__What the task asks__.
Under this line are the records; repeat exactly the lines starting at the one containing "Móvel de parede" and ending at the one containing "8501 Manual Sofa", omitting pictures.

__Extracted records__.
▶

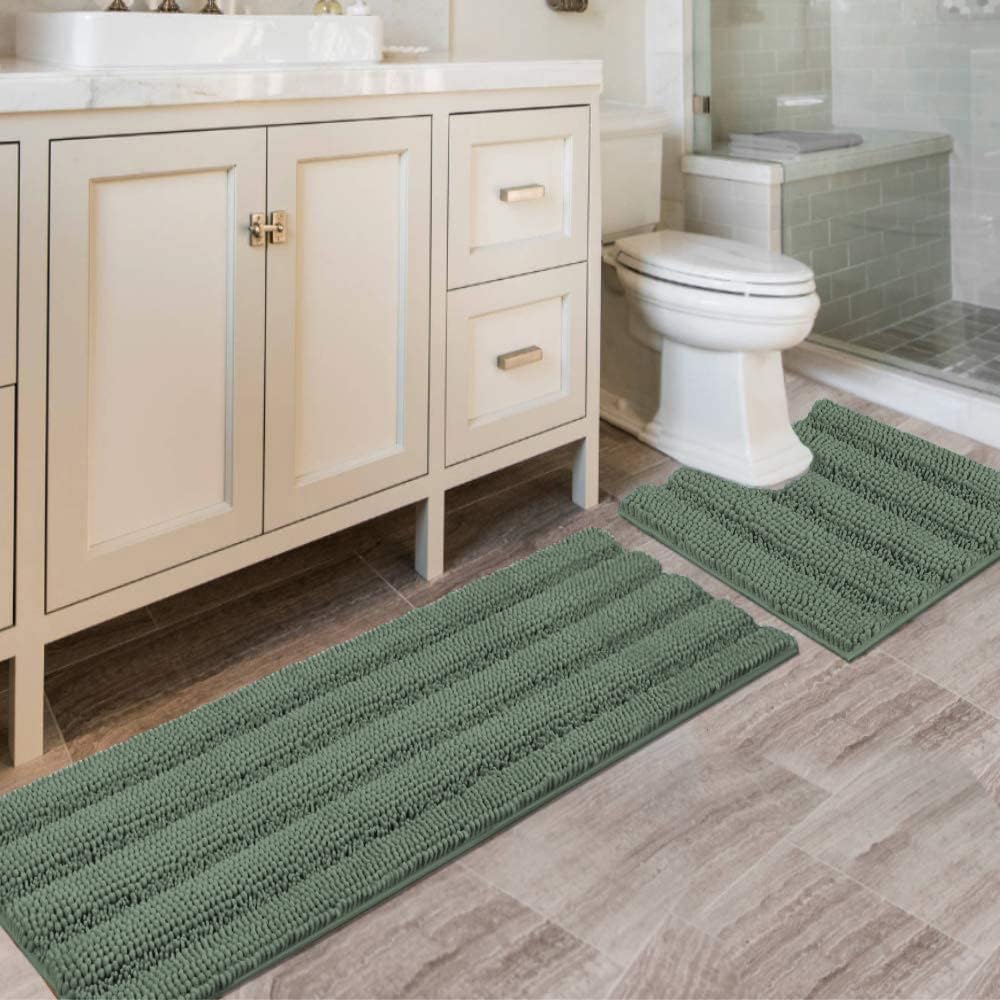 H.VERSAILTEX Sage Bathroom Rugs, Bath Mat Set of 2 Extra Thick Chenille Striped Pattern Shaggy Bath Rugs for Bath Room, Non Skid Bath Mats for Bathroom Floor (32 x 20 Plus 24 x 17 - Inches)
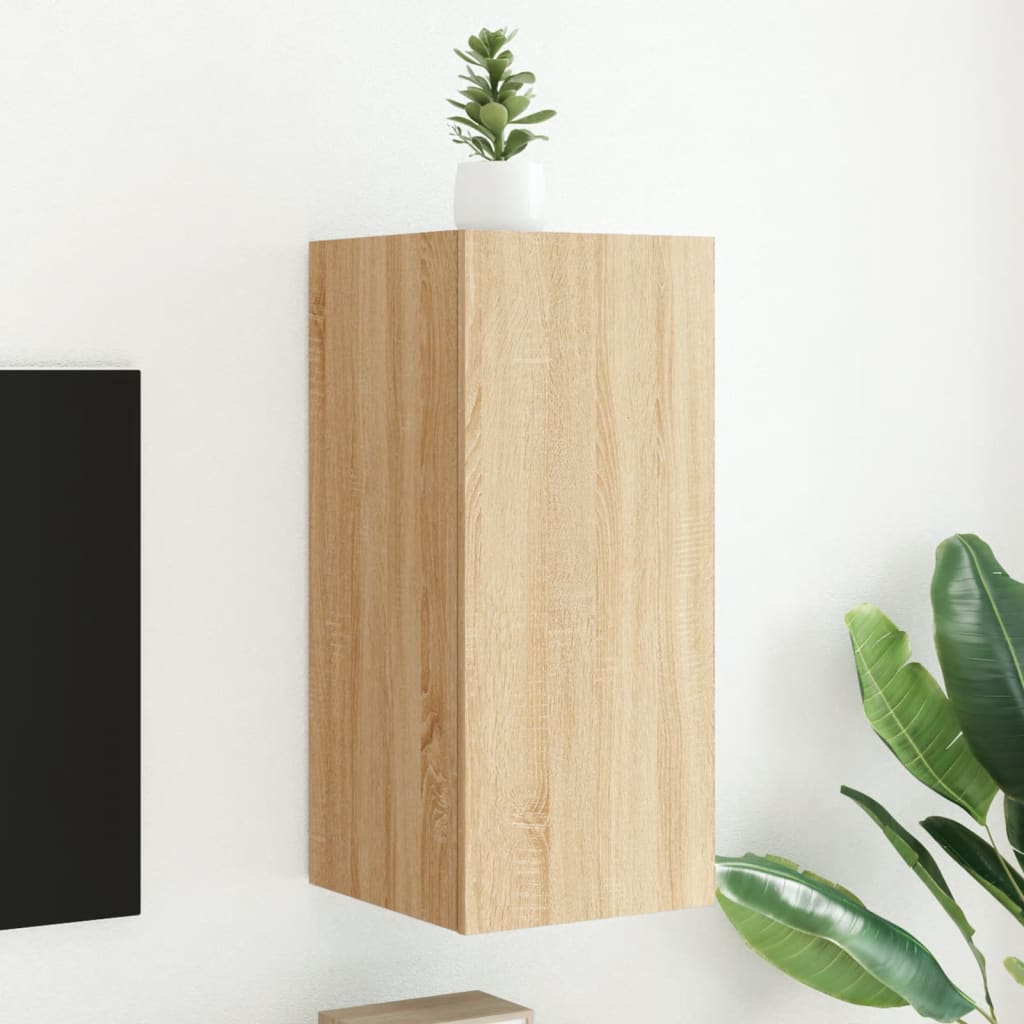 Móvel de parede p/ TV c/ luzes LED 30,5x35x70cm carvalho sonoma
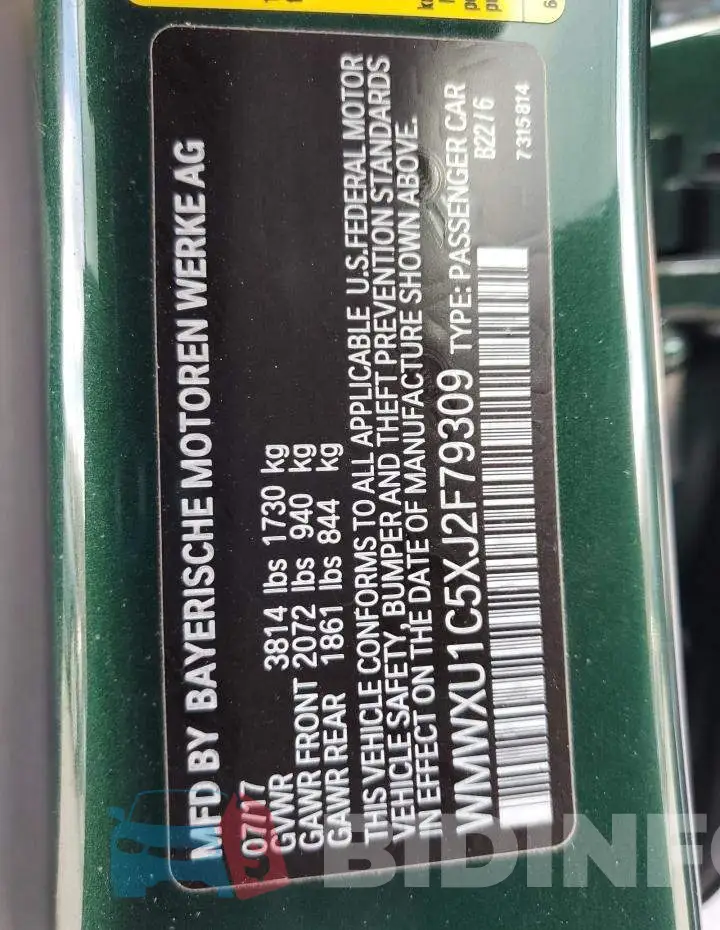 WMWXU1C5XJ2F79309 Photo# 12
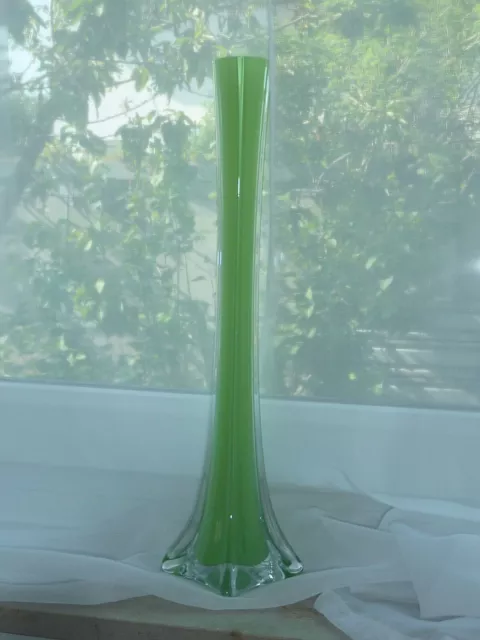 40 cm Stangenvase grün Solifleur Orchideenvase Vintage Glasvase Glas Stabvase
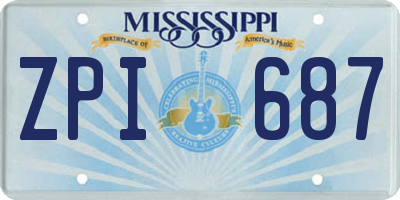 MS license plate ZPI687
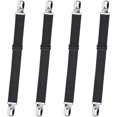 thumbnail image 1 of Bed Sheet Clips, 4 Pieces Heavy Duty Adjustable Bed Sheet Straps, Fitted Sheets for Mattresses, Flat Sheets (Black), 1 of 5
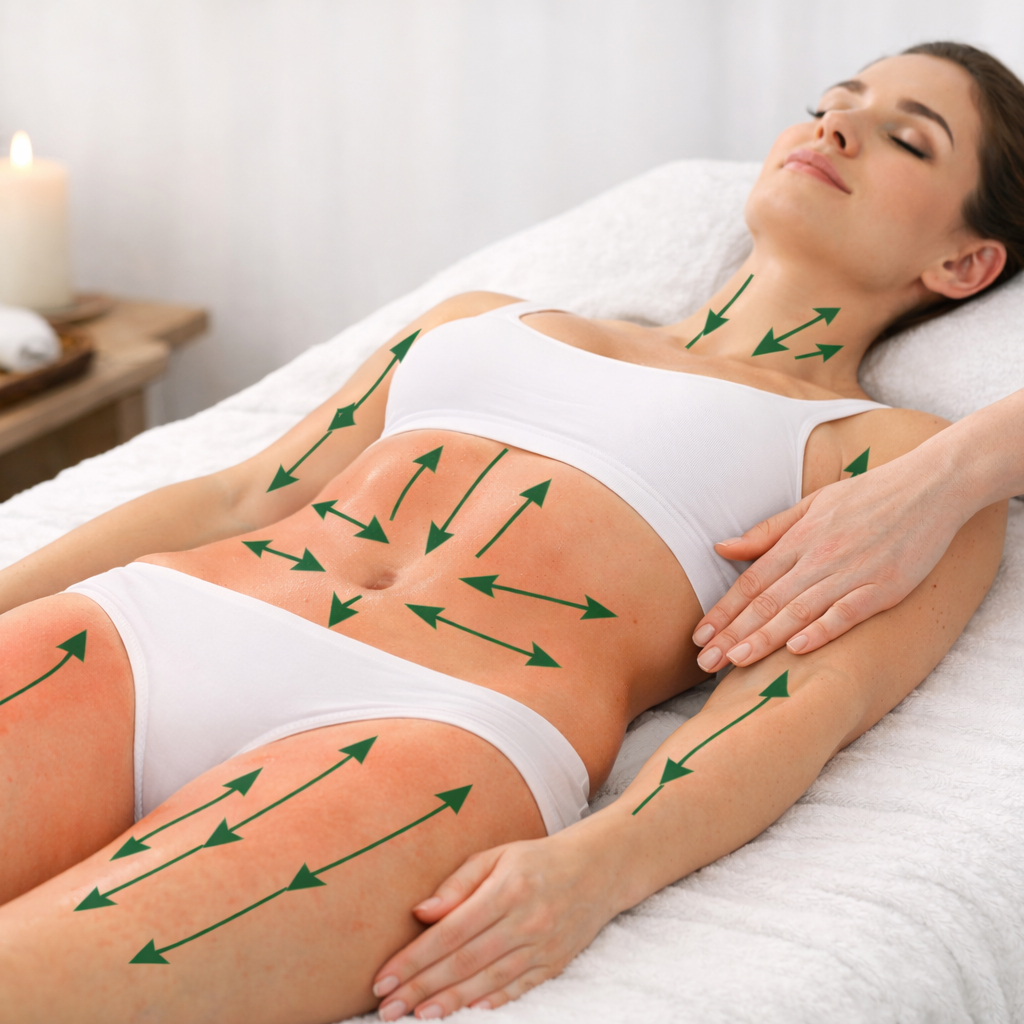 Lymfomodeling ruce, břicho, boky, záda, hýždě, stehna 150 min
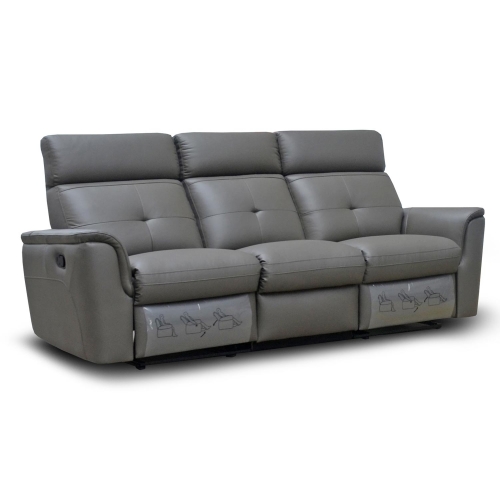 8501 Manual Sofa w/ 2 Recliners in Grey Italian Leather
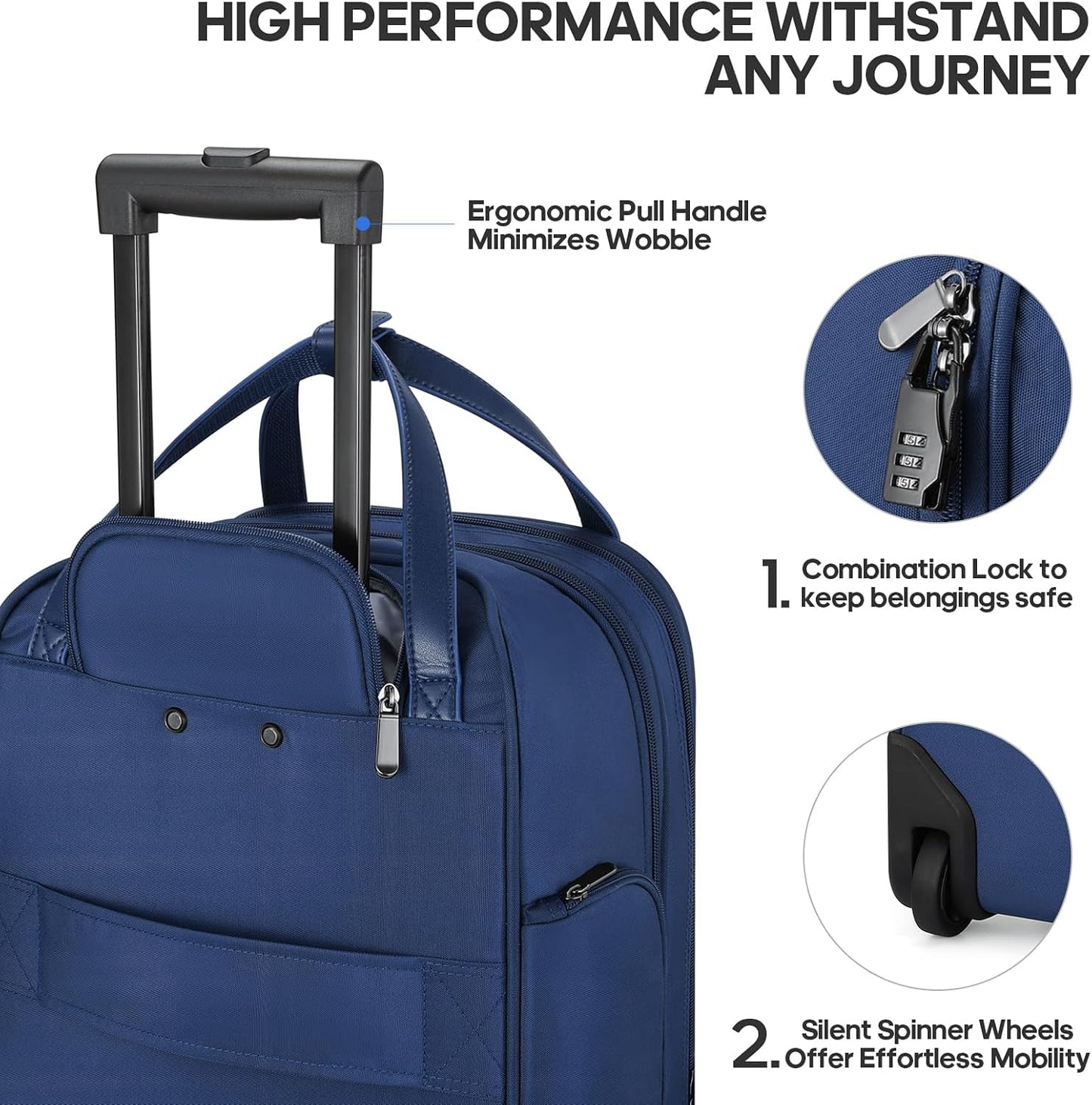 Carry-on Underseat 16-inch Luggage with Wheels, Softside Rolling Carry-on, Lightweight Travel Suitcase for Men Women, Personal Item Rolling Travel Bag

◀

__Exercise output__.
 Móvel de parede p/ TV c/ luzes LED 30,5x35x70cm carvalho sonoma
 WMWXU1C5XJ2F79309 Photo# 12
 40 cm Stangenvase grün Solifleur Orchideenvase Vintage Glasvase Glas Stabvase
 MS license plate ZPI687
 thumbnail image 1 of Bed Sheet Clips, 4 Pieces Heavy Duty Adjustable Bed Sheet Straps, Fitted Sheets for Mattresses, Flat Sheets (Black), 1 of 5
 Lymfomodeling ruce, břicho, boky, záda, hýždě, stehna 150 min
 8501 Manual Sofa w/ 2 Recliners in Grey Italian Leather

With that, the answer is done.